こんにちは。Joy Living Lab.の石井です。
キャリア講座の終わった午後に、これまたオンラインで主催イベントをしました。
「プリズン・サークル」を観て語る会@zoomです。
facebook投稿で「この映画を観て語る会をしたいな」と呟いたら、参加したいといってくれた方々で日程を調整し、実施しました。
第一弾としては先日、宇都宮ヒカリ座で観賞後すぐにリアルな語る会を3名で実施しており、今回は第二弾として10名で話し合いました。
児童福祉に関わる方、親子の哲学カフェを開いている方、幼児教育に関わる方、映画大好きの方、心理学的アプローチに興味のある方、子どもの凶悪犯罪に関心が高い方、などなど、それぞれの関心を持ち寄っての参加でした。
会の進行は、
・まずスタートに主催の私からなぜこの会を開いたか話し、
・続いてみなさん一人一人に自己紹介と観た理由・参加の理由を話してもらい、
・それからグループに別れて感想を自由に話し、
・全員に戻ってフリートーク
の流れで行いました。
●会を開いた理由
私がこの会を開いたのは、まずこの映画は絶対に見る!と1月くらいから決めていて。
そしてただ見るだけでは消化不良になるでしょうし、こういったテーマで誰かと語り合いたいと思ったからでした。

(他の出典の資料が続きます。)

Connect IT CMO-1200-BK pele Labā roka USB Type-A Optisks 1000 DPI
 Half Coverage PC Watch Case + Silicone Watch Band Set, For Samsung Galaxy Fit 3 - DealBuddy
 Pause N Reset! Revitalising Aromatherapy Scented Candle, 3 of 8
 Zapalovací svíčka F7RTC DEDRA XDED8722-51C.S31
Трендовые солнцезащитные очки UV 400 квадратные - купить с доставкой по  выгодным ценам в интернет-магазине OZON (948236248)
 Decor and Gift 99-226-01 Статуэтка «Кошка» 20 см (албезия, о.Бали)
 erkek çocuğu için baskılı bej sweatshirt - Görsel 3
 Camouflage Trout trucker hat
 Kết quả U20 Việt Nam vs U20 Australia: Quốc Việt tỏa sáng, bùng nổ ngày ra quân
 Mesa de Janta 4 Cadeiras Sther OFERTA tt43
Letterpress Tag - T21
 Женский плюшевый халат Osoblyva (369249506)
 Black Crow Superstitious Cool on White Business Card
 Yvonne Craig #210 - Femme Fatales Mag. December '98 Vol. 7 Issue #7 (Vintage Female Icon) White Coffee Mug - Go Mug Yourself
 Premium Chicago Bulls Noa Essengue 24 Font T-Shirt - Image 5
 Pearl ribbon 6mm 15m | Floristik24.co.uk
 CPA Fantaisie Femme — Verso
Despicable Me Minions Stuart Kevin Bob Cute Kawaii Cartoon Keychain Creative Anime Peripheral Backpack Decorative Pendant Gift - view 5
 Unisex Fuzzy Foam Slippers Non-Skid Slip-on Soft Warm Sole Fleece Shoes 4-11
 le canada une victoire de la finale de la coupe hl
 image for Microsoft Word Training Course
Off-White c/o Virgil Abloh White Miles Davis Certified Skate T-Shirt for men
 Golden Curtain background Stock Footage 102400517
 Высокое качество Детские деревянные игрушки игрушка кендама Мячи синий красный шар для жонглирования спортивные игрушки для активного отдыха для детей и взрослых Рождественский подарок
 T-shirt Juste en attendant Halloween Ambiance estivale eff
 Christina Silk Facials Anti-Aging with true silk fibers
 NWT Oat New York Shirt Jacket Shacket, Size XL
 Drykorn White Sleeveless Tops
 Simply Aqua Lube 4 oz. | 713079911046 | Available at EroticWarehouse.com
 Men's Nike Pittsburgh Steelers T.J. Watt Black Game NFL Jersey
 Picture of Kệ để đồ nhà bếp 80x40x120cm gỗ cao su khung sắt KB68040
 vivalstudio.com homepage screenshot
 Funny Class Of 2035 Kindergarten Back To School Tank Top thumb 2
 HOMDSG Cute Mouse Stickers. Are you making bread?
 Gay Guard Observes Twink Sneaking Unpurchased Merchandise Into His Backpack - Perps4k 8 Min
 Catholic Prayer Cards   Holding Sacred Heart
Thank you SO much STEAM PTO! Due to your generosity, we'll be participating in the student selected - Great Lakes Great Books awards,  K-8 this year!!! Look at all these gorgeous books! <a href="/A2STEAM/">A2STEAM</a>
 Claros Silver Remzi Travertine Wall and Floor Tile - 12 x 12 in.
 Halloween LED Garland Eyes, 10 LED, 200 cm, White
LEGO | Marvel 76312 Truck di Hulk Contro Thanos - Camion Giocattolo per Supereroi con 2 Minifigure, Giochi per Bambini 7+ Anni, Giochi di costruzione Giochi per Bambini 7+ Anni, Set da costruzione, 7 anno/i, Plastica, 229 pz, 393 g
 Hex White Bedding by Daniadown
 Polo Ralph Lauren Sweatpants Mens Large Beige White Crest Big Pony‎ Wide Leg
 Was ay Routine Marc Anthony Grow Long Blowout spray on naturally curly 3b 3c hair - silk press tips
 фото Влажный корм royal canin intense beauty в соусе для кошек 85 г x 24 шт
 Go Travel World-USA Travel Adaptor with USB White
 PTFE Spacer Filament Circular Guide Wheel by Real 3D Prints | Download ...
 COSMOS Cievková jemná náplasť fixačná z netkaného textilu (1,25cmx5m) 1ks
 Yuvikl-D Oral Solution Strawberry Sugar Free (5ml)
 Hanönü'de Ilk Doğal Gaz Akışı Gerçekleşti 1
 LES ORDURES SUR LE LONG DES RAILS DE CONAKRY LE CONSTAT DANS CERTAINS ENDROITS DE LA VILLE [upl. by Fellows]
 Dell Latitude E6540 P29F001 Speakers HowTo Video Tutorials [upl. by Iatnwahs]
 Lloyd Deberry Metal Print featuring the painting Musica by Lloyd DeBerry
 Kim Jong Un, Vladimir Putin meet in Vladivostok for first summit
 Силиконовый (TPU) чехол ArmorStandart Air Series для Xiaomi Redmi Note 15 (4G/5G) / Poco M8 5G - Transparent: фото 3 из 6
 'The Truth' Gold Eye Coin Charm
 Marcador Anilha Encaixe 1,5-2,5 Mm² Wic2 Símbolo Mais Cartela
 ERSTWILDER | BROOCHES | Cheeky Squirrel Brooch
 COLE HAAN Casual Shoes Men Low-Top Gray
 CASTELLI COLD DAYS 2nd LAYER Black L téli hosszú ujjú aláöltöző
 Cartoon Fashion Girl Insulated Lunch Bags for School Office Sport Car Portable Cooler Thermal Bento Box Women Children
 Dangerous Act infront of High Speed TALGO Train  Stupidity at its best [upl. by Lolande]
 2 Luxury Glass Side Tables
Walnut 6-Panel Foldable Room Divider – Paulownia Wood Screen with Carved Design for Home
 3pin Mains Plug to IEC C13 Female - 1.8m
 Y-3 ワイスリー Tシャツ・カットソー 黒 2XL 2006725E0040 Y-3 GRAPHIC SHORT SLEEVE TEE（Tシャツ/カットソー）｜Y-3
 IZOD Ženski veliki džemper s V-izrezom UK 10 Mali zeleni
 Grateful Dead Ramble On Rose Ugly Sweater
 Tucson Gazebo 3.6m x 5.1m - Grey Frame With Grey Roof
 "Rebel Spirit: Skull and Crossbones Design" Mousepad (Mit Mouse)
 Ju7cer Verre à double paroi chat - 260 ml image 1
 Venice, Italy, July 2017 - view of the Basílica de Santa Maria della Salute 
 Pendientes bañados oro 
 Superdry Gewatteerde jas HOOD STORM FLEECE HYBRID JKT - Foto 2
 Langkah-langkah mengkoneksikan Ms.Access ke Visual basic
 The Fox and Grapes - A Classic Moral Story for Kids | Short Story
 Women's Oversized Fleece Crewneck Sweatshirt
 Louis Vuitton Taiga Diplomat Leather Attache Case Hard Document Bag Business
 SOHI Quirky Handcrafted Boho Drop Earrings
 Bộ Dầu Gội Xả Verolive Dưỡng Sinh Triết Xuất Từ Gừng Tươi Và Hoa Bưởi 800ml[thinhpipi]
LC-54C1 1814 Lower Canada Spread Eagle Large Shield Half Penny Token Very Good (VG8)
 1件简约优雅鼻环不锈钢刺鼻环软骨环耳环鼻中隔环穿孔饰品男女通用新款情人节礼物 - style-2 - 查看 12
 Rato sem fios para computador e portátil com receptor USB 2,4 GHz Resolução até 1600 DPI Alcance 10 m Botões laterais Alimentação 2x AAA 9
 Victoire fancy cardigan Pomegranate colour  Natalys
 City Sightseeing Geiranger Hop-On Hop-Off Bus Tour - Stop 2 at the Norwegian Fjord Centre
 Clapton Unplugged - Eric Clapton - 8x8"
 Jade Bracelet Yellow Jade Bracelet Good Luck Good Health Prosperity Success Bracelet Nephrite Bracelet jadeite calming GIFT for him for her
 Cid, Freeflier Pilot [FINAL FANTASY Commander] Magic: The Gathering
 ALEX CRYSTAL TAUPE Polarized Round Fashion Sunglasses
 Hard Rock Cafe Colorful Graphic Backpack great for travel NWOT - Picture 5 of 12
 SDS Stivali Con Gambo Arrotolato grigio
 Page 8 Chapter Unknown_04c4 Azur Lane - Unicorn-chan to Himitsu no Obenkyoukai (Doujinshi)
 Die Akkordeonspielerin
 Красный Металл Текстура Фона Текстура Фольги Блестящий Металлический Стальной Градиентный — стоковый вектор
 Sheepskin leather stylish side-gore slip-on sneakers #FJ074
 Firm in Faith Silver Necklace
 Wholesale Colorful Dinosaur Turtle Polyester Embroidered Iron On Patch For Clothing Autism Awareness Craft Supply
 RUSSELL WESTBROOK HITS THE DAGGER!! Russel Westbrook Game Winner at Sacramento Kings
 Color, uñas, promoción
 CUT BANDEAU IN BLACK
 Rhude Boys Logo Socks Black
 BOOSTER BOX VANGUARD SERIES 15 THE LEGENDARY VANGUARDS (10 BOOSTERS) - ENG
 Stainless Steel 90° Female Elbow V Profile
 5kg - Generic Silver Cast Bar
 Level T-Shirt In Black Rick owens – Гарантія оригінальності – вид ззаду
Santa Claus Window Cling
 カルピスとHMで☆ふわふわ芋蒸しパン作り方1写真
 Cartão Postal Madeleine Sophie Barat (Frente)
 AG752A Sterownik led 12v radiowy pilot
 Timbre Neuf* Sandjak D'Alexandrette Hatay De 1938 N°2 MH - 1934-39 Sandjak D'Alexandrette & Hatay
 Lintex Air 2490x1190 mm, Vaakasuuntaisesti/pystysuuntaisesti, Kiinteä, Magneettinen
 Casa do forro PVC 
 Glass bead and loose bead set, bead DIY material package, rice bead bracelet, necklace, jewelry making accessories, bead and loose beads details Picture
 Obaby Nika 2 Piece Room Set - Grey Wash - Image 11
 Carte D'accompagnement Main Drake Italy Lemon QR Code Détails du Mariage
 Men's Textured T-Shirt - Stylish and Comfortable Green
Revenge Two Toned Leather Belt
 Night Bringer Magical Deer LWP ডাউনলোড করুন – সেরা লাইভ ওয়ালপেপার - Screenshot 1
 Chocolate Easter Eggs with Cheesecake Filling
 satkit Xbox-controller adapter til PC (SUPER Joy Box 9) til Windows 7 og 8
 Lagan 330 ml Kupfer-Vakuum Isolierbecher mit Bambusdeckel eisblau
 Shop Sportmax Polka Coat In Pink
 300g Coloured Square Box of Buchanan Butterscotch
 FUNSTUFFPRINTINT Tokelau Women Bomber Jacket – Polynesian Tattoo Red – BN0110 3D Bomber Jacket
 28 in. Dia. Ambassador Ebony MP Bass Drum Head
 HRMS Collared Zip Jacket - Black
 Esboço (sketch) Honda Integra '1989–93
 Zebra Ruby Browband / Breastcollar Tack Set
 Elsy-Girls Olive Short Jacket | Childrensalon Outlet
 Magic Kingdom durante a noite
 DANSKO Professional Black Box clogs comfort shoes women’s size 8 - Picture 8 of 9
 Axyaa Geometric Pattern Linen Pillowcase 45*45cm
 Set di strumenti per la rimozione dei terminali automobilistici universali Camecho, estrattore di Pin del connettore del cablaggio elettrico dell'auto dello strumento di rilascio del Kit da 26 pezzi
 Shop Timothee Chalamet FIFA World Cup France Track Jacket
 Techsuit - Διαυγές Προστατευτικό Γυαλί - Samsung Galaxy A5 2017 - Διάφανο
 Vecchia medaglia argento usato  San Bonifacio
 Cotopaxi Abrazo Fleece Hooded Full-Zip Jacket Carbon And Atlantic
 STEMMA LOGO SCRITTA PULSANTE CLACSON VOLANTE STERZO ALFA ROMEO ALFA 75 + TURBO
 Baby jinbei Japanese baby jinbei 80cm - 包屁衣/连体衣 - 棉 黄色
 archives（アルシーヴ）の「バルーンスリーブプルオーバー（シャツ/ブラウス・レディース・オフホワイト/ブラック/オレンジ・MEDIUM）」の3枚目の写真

背景としてこれまでボランティアで延べ5年以上、働く母たちの語り合う場を作ってきており、近しい背景を持つ人たちが「語り合う」ことで生まれる回復やエンパワーを観てきました。
もっと原体験としては、学生時代に「べてるの家」という精神障害を持つ人たちのコミュニティに長期入らせてもらい、「語り合う場の持つ力」のすごさを目の当たりにしていて。
「対話」の力をかれこれ15年以上盲信しているようなところがあります。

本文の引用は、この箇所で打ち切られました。